A State That's Untouchable Like Eliot Ness
If you have the sense in your gut that the electoral college is an outdated piece of trash that has no place within a democratic system in which senators are elected, and non-property owners, women, and minorities can vote, but don't yet know quite why, recite this statistic to yourself over and over again:
33.7 million people live in California. California has 55 electoral votes.
26.6 million people live in the 17 smallest states (population-wise) and DC, combined. Altogether, these states and district get 67 electoral votes.
What does that mean? If you live in California, your vote for president is worth a fraction of the vote of someone living in Vermont or Delaware. It gets even worse in the legislature. Wyoming and California have precisely the same number of senators; so every single citizen of Wyoming gets something like 70 times more representation in the Senate than every single citizen of California. 15th Amendment, no?
(Incidentally, I challenge any defenders of the present system 1) to explain how this is fair; 2) anticipating the typical boilerplate about how smaller states wouldn't count if not for the electoral college, explain why it's necessary to violate the equal protection of the citizens of populous states in order to protect citizens of small states; and 3) explain how (2) isn't exactly the same logic that makes some of us find many affirmative action policies so repulsive.)

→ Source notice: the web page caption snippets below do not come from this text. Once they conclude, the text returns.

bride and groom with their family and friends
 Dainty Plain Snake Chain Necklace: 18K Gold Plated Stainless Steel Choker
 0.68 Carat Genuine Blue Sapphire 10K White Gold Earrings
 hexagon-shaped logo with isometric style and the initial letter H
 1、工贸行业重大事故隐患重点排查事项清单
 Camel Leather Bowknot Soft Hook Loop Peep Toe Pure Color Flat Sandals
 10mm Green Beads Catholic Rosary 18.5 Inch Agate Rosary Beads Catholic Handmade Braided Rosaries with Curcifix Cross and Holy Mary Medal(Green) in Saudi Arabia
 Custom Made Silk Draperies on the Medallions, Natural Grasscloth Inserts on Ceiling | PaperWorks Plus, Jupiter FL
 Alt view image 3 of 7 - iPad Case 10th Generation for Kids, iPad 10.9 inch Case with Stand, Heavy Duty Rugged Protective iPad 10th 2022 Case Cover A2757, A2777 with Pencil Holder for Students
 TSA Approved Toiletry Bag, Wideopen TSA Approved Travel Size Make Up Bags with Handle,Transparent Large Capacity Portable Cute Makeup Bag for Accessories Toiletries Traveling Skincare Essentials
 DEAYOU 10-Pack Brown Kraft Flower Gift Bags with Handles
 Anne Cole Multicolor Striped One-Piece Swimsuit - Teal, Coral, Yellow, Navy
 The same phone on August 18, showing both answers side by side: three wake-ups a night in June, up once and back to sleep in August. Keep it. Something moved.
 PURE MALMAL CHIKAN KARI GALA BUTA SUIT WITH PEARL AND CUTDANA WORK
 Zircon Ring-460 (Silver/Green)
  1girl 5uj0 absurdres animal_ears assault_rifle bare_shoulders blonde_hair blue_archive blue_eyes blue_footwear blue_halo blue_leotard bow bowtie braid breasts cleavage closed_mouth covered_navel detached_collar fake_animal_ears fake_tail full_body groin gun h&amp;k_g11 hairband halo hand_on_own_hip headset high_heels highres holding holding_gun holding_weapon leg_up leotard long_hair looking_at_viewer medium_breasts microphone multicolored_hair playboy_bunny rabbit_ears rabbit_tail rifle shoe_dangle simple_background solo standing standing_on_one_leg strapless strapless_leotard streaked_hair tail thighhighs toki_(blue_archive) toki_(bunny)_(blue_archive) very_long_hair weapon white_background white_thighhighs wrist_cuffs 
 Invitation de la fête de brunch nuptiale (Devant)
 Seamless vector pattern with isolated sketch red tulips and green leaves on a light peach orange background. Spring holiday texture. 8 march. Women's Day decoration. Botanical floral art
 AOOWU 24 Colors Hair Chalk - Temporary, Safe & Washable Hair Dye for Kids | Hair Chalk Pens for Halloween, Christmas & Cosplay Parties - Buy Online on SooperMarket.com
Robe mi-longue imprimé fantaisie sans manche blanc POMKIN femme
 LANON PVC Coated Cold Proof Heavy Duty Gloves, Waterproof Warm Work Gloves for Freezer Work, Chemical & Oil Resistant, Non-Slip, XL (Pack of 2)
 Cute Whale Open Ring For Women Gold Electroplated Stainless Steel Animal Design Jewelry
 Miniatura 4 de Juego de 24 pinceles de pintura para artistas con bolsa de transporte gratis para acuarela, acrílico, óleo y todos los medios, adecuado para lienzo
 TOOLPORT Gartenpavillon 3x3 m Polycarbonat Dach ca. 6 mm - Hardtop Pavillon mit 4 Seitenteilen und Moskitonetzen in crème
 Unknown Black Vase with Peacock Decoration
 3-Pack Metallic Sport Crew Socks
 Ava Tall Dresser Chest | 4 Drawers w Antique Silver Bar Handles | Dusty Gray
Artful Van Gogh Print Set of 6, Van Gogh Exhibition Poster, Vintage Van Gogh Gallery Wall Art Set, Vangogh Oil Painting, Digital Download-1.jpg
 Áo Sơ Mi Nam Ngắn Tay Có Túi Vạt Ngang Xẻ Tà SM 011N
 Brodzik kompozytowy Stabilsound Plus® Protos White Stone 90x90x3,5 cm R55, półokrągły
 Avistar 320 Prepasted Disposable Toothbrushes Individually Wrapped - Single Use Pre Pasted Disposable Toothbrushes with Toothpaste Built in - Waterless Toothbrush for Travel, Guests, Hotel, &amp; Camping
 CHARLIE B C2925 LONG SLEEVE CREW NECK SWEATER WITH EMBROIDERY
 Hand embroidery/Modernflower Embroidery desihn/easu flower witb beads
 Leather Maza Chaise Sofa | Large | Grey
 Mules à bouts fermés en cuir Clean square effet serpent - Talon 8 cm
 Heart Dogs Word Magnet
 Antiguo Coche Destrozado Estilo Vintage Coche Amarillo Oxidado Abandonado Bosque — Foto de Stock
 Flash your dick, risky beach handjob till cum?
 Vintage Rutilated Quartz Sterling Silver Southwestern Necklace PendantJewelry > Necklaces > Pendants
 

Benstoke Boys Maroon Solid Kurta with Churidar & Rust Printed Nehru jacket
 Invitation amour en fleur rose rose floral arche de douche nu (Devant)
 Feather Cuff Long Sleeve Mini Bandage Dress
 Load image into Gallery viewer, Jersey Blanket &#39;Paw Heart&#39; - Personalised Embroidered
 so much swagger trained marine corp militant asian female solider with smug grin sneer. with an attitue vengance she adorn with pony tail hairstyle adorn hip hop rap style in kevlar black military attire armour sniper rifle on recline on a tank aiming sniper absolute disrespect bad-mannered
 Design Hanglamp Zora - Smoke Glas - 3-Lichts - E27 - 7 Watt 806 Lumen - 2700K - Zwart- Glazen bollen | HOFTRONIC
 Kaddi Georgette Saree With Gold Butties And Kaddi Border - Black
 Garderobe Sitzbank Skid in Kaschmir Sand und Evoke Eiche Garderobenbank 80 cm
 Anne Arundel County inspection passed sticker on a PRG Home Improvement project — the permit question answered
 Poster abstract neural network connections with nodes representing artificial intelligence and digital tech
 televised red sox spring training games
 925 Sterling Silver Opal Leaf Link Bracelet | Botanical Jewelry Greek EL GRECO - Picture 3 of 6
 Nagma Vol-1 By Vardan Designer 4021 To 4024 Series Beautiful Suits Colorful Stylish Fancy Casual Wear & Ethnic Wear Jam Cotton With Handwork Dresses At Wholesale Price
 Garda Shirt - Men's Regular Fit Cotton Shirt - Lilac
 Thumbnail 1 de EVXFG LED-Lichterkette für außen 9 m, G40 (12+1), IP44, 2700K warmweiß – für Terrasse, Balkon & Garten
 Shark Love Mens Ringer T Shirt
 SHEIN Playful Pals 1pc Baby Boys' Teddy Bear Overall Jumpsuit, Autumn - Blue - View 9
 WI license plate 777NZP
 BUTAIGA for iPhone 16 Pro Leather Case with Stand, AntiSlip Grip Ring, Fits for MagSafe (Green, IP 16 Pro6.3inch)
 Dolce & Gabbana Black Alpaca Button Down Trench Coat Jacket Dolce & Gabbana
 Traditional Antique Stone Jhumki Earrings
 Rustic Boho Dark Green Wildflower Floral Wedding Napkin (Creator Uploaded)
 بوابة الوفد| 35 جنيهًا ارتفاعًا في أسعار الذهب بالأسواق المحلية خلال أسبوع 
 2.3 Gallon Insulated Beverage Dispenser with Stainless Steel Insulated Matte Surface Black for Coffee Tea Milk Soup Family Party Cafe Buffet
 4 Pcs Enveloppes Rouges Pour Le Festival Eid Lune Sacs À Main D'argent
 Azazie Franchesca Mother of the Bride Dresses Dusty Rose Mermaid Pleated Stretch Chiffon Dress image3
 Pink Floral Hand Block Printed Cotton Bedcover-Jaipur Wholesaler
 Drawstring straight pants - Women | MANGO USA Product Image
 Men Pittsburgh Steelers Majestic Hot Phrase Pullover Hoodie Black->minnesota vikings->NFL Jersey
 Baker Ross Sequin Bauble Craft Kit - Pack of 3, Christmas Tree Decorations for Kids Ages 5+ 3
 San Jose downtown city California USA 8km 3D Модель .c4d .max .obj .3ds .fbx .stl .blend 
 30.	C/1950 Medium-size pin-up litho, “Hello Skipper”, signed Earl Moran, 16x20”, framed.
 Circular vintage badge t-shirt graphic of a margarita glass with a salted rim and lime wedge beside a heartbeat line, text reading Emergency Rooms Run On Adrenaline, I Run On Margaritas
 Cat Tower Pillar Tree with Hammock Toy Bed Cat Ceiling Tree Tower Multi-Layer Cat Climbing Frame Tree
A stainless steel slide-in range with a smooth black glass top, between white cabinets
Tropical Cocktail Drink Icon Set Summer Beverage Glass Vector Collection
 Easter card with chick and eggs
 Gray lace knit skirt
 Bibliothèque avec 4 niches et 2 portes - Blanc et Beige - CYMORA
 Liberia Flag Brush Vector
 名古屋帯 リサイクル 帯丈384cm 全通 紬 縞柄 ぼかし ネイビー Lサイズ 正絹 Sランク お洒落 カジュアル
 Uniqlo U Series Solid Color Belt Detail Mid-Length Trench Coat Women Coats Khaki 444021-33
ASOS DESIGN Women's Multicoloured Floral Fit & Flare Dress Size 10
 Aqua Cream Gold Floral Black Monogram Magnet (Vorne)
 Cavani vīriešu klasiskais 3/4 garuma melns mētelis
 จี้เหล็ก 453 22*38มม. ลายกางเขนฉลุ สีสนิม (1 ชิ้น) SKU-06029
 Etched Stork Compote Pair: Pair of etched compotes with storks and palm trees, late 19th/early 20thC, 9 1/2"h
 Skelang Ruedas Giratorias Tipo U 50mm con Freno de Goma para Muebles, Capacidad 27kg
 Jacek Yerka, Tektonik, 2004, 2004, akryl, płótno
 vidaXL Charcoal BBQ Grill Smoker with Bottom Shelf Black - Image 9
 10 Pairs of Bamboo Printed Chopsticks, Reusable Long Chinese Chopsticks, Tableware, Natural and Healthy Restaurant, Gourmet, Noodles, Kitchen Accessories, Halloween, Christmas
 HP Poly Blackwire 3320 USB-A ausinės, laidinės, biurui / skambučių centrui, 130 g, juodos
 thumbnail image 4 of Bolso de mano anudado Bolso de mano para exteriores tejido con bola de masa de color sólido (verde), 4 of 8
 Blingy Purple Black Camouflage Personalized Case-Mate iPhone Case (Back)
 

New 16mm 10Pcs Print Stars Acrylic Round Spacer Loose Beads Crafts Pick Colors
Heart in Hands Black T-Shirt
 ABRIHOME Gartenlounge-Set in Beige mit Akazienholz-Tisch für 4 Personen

Fortunately, salvation is at hand. All that populous states have to do is game the system the same way small states have been doing lo these many years. And that can be accomplished simply by dissolving the large states into smaller states. This blogger blazes the trail, detailing how California could divide into 23 separate states that would all be more populous than Wyoming. Fuck you, Wyoming! Just imagine: effectively 46 senators from California, 20-30 from New York, etc., and finally, something like every citizen's vote for president counting (almost) the same. (And don't bother me by pointing out that there would still be disparaties. A 25% difference in the raw value of a vote is different in kind as well as degree from a 7000% difference.)